En el primer tercio del siglo XX se forjó la historia de una nueva cofradía. En 1914, el Cristo había pasado a presidir una capilla en el interior del templo de la Anunciación. Un grupo de jóvenes estudiantes sevillanos, con el apoyo del claustro de la Universidad, quería fundar una cofradía en honor de aquel Crucificado. Es sabido que los anhelos de aquellos universitarios se plasmaron en 1924, cuando el cardenal Ilundáin asistió al acto fundacional. Dos años después, el Martes Santo de 1926, salía el Cristo de la Buena Muerte desde la Anunciación por primera vez. Sevilla pudo admirar la plasmación más sublime de la muerte de Cristo.

La autoría quedó confirmada poco después. El investigador Antonio Muro Orejón descubrió, en 1928, una escritura concertada en la escribanía de Gaspar León. En el contrato se reflejaba que el autor era Juan de Mesa. Así quedó refrendado en 1983, tras el desgraciado accidente que sufrió la imagen, durante un traslado. Permitió descubrir otro documento en su interior, en el que se reflejaba la autoría.

El Cristo de la Buena Muerte es una obra cumbre, realizada en la etapa más prodigiosa de Juan de Mesa. Tenía entonces 36 años. La cronología de su madurez artística es impresionante: en el entorno frenético de 1620 termina en su taller, por este orden, tres crucificados: Amor, Conversión y Buena Muerte… Y, a continuación, el Gran Poder. En 1622 esculpe el impresionante Cristo de la Agonía, de Vergara (Guipúzcoa), que se expone este mes de abril en el convento del Santo Ángel, junto al Cristo de los Desamparados, de Martínez Montañés.

La Buena Muerte es la expresión suprema de la entrega de Cristo. Cuando empieza a tallarlo, Mesa ya era él mismo, un artista en plenitud, independizado de su gran maestro.
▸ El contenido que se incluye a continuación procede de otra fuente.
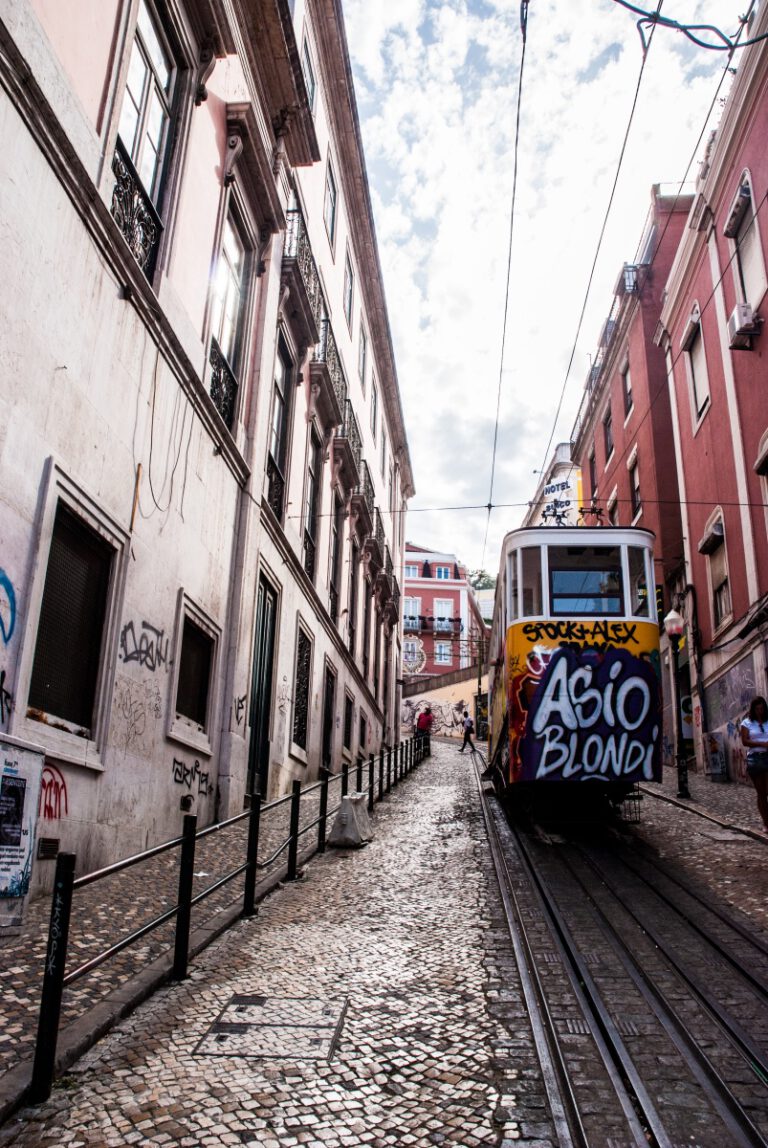 Lissabon - tram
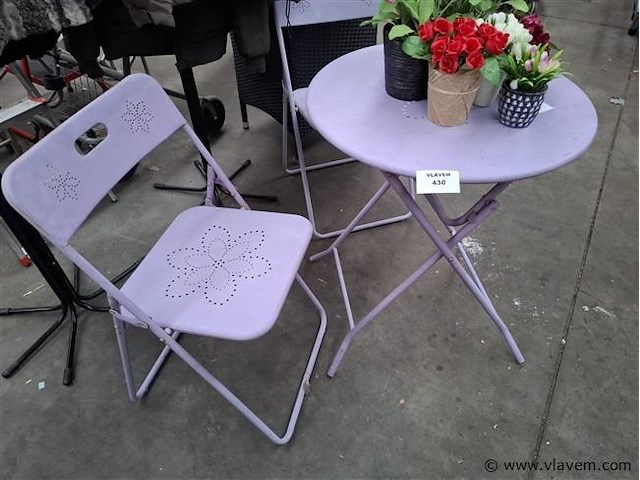 Bistrostel - afbeelding 1 van  2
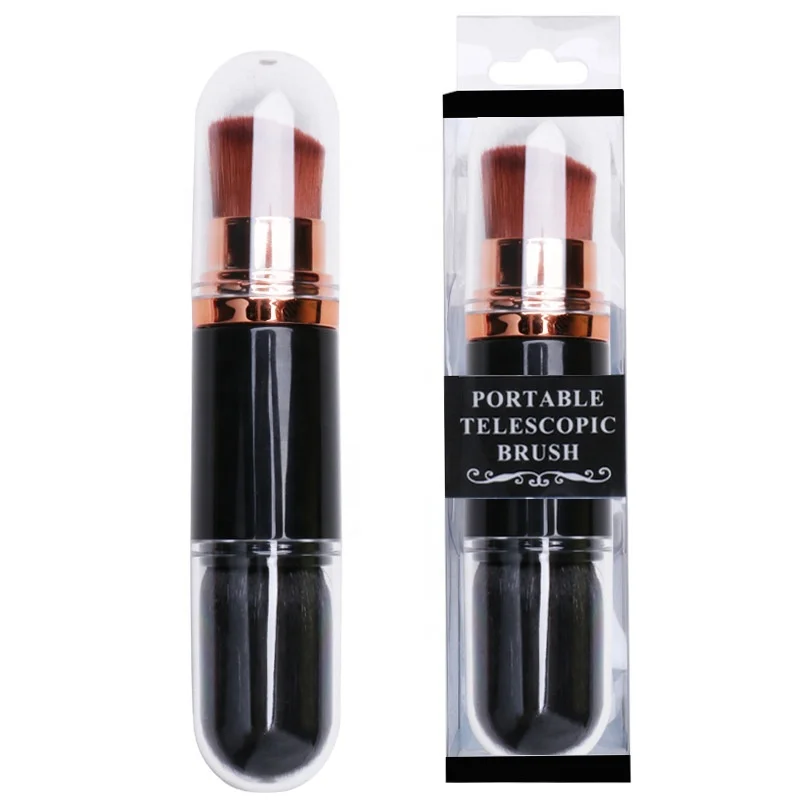 High Quality For Travel Double Side Makeup Brushes Retractable 2 in 1 Mini Makeup Brush Set Foundation Brush
High Quality For Travel Double Side Makeup Brushes Retractable 2 in 1 Mini Makeup Brush Set Foundation Brush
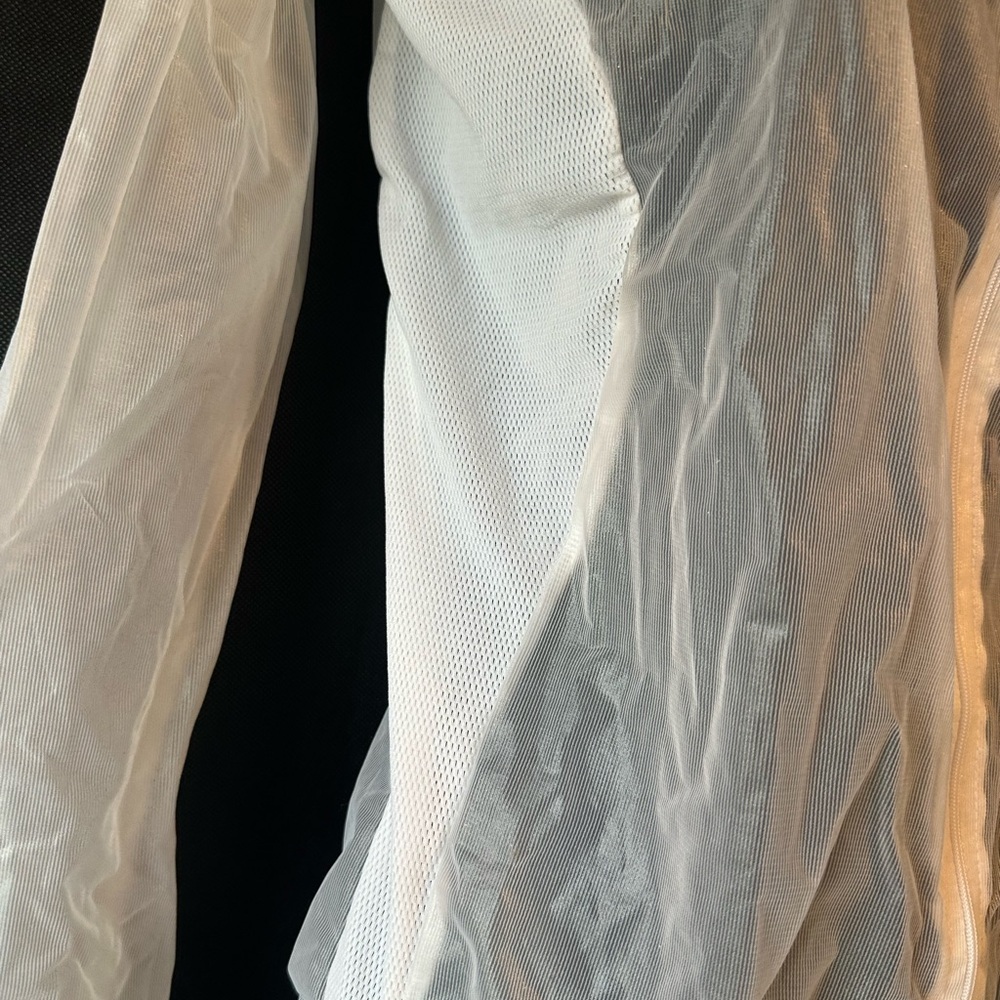 Translucent Windbreaker Small cycling jacket - image 3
Ya había ensayado el Gran Poder de Dios en el Cristo de la Conversión. Ya se había acercado a una idealización mística y rompedora de la muerte en el Cristo del Amor…

Pero le faltaba confirmar, sin ninguna duda, que la Buena Muerte es la puerta de entrada a la vida eterna. Y, paradójicamente, lo hace con su Cristo más montañesino. Vuelve a sus raíces, como un eco. Según el profesor Jesús M. Palomero, el Cristo de la Buena Muerte es “el de la cabeza más clásica y hermosa, el menos dramático”. Para algunos especialistas, la mejor obra de Mesa, desde el punto de vista técnico.

Juan de Mesa lo hizo. Invitó al arrepentimiento de los pecadores, plasmando la verdad implacable de la Muerte. Sin exagerar. Juan de Mesa recordó lo que había aprendido con su maestro, puede que por última vez. Juan de Mesa lo hizo y no lo volvió a hacer. Era imposible.

Cada Martes Santo va muerto entre cuatro hachones. Lirio tronchado que bendice desde el sueño eterno de la Cruz. Cristo que reparte una paz contagiosa, abrumadora. Es la Muerte más viva.